Türk devletinin daha önce Rojava’ya karşı yürüttüğü savaş, başta Afrin olmak üzere,birçok toprak ve yerleşim yerlerini ilhakı sonucu zenginliği talan edip götürmüştür, Türk sofralarında Afrin zeytini yenilmektedir.
Bu beleş alınan avantaların bir kısmı, yandaş medya şirketlerine ve gazetecilere sus payı karşılığı bir kemik olarak atılmakta ve böylelikle onlarında TV programlarında iştah ve salyaları akmakta, vatanseverlik ve Kürd’e düşmanlıkta yarışmaktadırlar. Bu haftanın önde gelen flaş kemik severleri Mete Yarar, Nedim Şener ve Prof. Ersan Şen adındaki şahıslardır.

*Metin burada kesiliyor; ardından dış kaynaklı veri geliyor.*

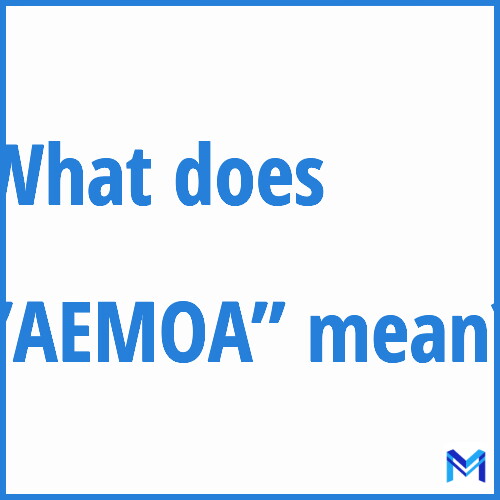 What does ”AEMOA”” mean?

Türk devleti, ABD’ den yeşil sinyal almak için bin bir takla atan ve aynı zamanda güçlerini sınırda hazır bulundurarak taviz koparma girişimlerini hızlandırmış bulunmaktadırlar.
NATO ve Rusya’ya blöf yapıp pazarlık sofrasında onlardan “rızalık” istemekte acele etmektedirler.

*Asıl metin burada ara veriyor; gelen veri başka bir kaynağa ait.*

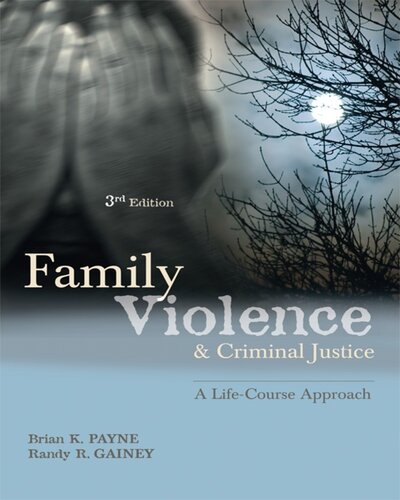 Family Violence and Criminal Justice: A Life-Course Approach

Türk devleti, sınır kapılarını gönüllü açarak milyonlarca Suriyeli göçmenin gelmesini sağlamıştır. Bu durum yapay sayılmayacak , bir ulusun, Türkiye’de hak sahibi olma kapısı aralanmıştır. Misaki-milli sınırları içinde T.C Anayasası'nın 3.Maddesi ihlal ederek, kendi elleri ile yeni bir Arap ulusunun doğmasına hamilik yapmışlardır. Geçte olsa bunu fark eden Türk devleti telaşlıdır. Önceleri BM,Avrupa Birliğin den para almak için onları potansiyel bir şantaj aracı olarak kullandılar.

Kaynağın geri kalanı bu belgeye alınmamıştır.